Pour mettre en œuvre le capitalisme et avoir les possibilités d'un marché intérieur, il faut promouvoir la paix. « Plus jamais de guerre ! » ont crié les milliers de personnes présentes à la cérémonie de victoire, tandis que le candidat vainqueur a évoqué la nécessité d'un grand accord national pour construire « un consensus maximal pour une vie meilleure » et pour des réformes, notamment en faveur des jeunes, des femmes et des personnes âgées. « La paix doit être construite comme une garantie des droits des personnes », a-t-il déclaré.

L'ambiance était à l'optimisme collectif, à la liesse populaire, à l'idée qu'une nouvelle ère était en train de naître. Il y a eu des pétards et des sifflets dans de nombreux endroits, ainsi que des blagues sur ceux qui annonçaient qu'ils quitteraient le pays si Petro gagnait. Mais, pas question. Tout le monde restera sûrement, car, comme on le disait en chœur, ici tout le monde gagne du « flouss » et les banquiers, par exemple, ont déjà salué cette élection et « un grand accord national ».

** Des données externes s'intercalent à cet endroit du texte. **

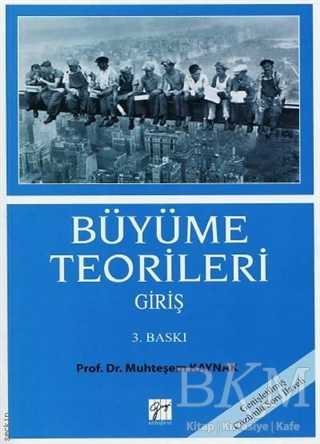 Büyüme Teorileri Giriş - Gazi Kitabevi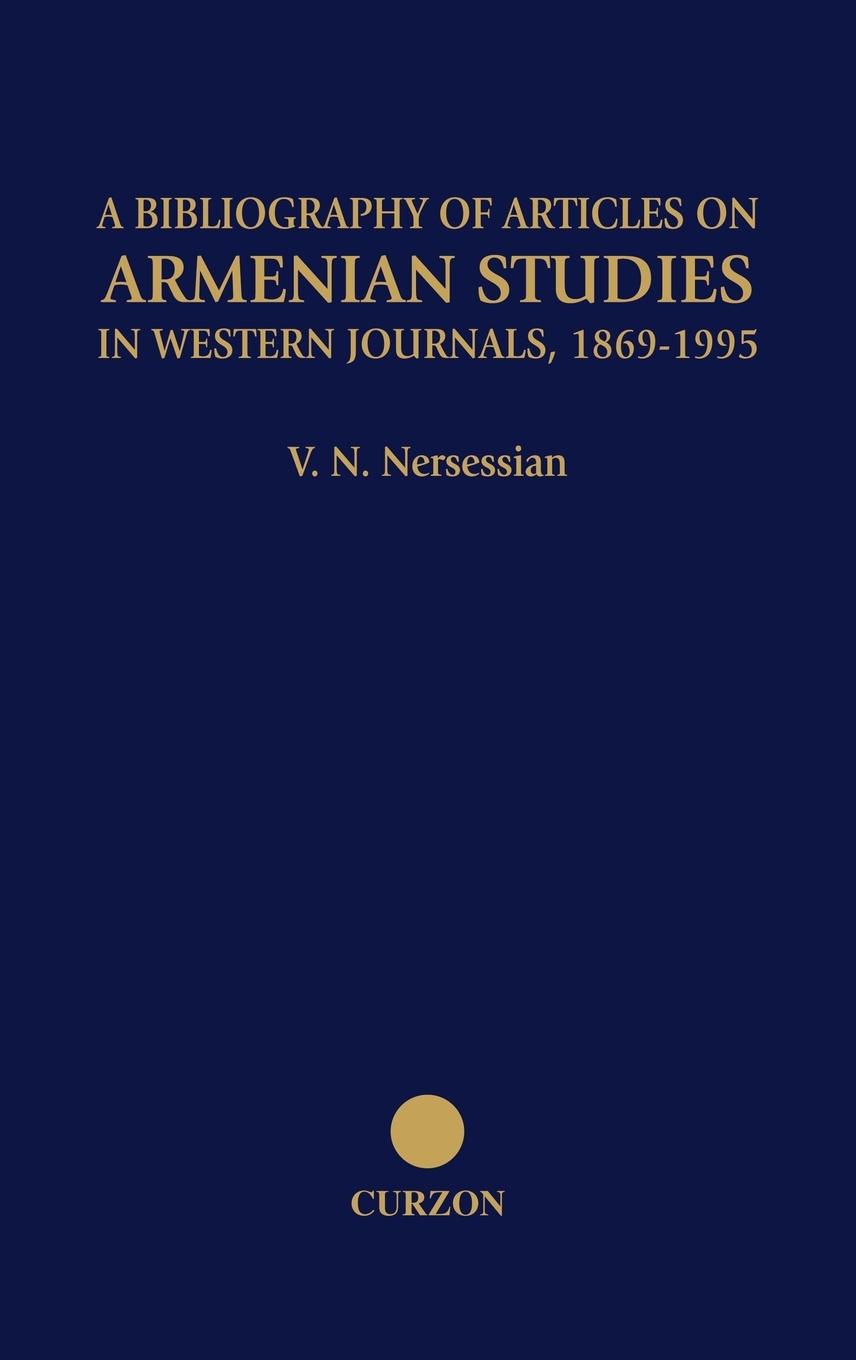 A Bibliography of Articles on Armenian Studies in Western Journals, 1869-1995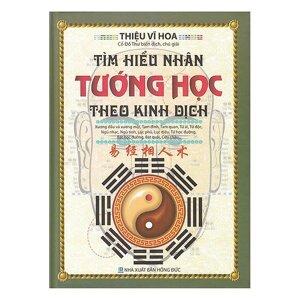 Tìm hiểu nhân tướng học theo Kinh dịch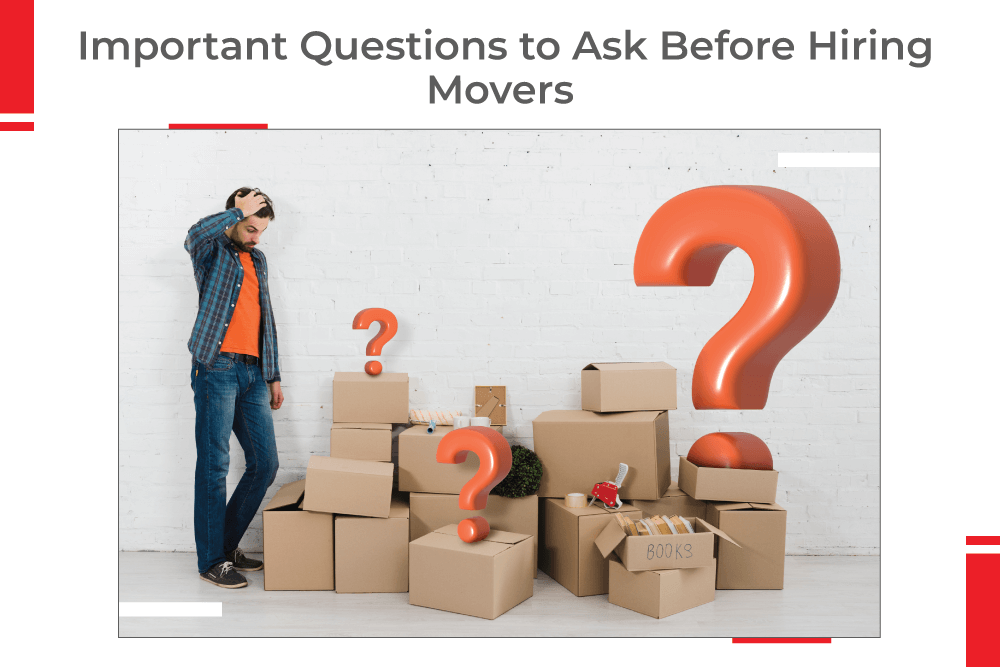 Important Questions to Ask Before Hiring Movers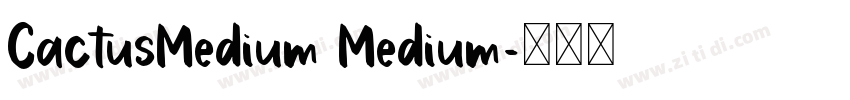 CactusMedium Medium字体转换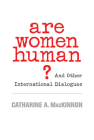 Are Women Human?: And Other International Dialogues By Catharine A. MacKinnon Cover Image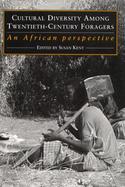 Cultural Diversity Among Twentieth-Century Foragers An African Perspective cover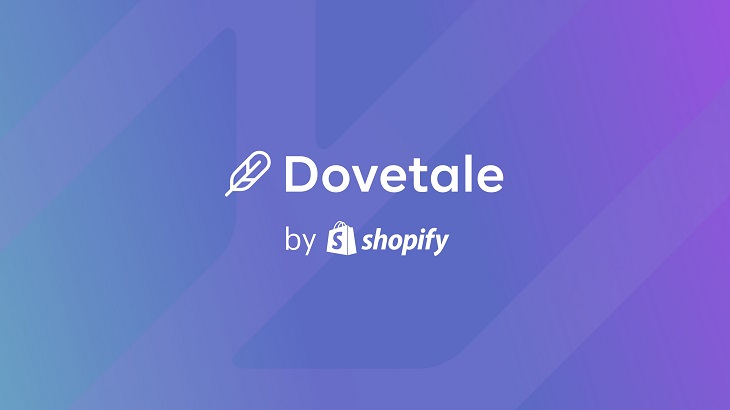 Shopify收购营销自动化技术公司Dovetale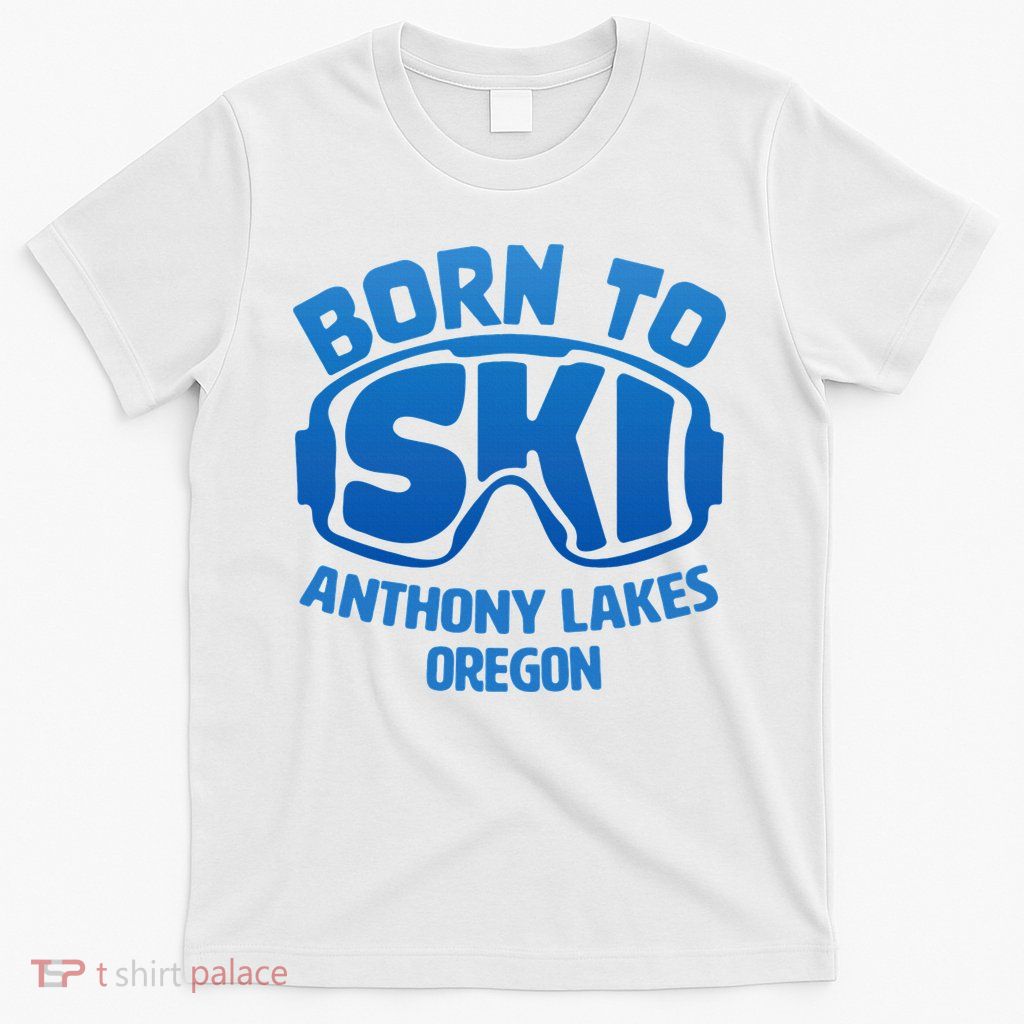 Anthony Lakes Oregon Nc Born To Ski Souvenir T-Shirt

Rien n'a été dit sur la défense de la souveraineté nationale, ni sur le fait que ce pays continuera à être une néo-colonie, ce qui n'est pas une mince affaire. Mais il a été indiqué que ce sera « le gouvernement de la vie, de la paix, de la justice sociale et environnementale ». Le nouveau gouvernement a un énorme défi à relever : combattre l'énorme pauvreté, le chômage, l'informalité, le trafic de drogue et d'autres maux qui frappent le pays. Et un engagement, comme il l'a dit, en faveur de la liberté afin que « plus jamais un gouvernement n'assassine ses jeunes ».

NdT

*6 402 : c’est le nombre, établi par la Juridiction spéciale pour la paix, des « faux positifs » commis par l’armée colombienne entre 2002 et 2008, autrement dit des exécutions extrajudiciaires de personnes présentées comme des guérilléros.

** En avril dernier, « Fico » était allé à Boyacá demander la bénédiction de la Vierge « miraculeuse » de la Basilique de Notre Dame du Rosaire de Chiquinquirá, censée être la sainte patronne du pays.